Source material section start
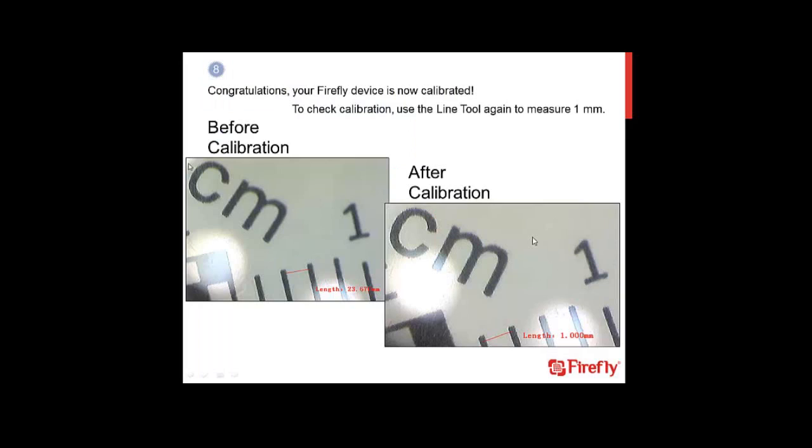I have now calibrated my Firefly device. I can test calibration by using the Line tool again to measure 1 millimeter. Notice that after calibration, the length of my 1 millimeter line is in fact 1 millimeter.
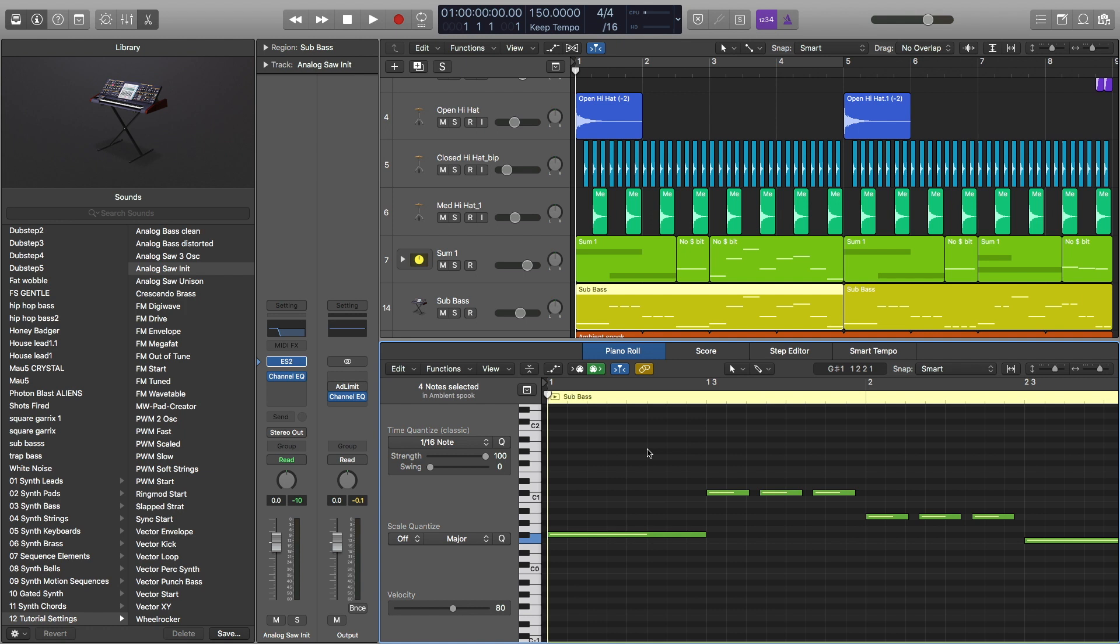And when you're drawing your MIDI notes for the sub, I recommend putting a little bit of space in between, just so you can hear the difference between different notes, so it just doesn't sound like one note.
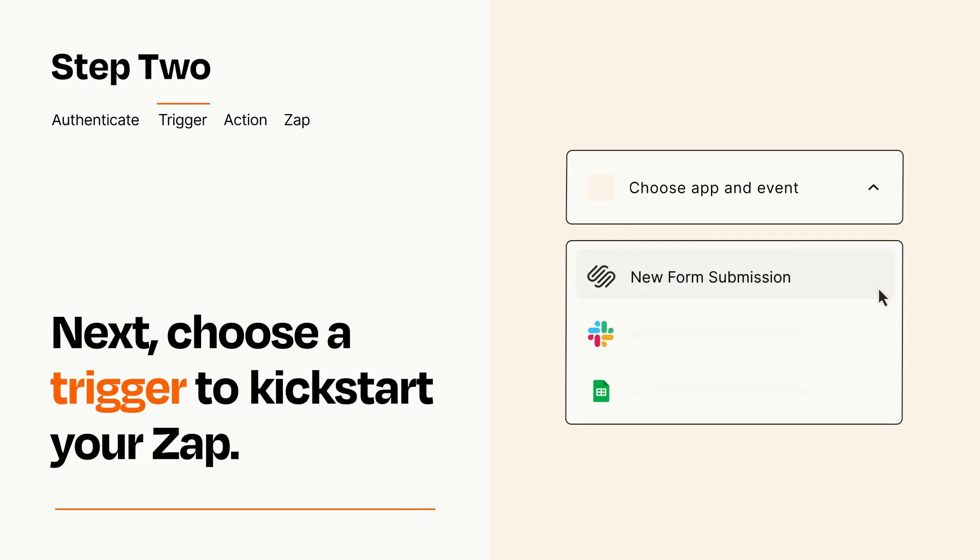Now let's set up your trigger, which is the event that starts your Zap. Pick the trigger event that you want from the list.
Source material section end
Aim of the exercise:
What you return should be the full listing, unchanged, minus the pictures.

Exercise response:
I have now calibrated my Firefly device. I can test calibration by using the Line tool again to measure 1 millimeter. Notice that after calibration, the length of my 1 millimeter line is in fact 1 millimeter.
And when you're drawing your MIDI notes for the sub, I recommend putting a little bit of space in between, just so you can hear the difference between different notes, so it just doesn't sound like one note.
Now let's set up your trigger, which is the event that starts your Zap. Pick the trigger event that you want from the list.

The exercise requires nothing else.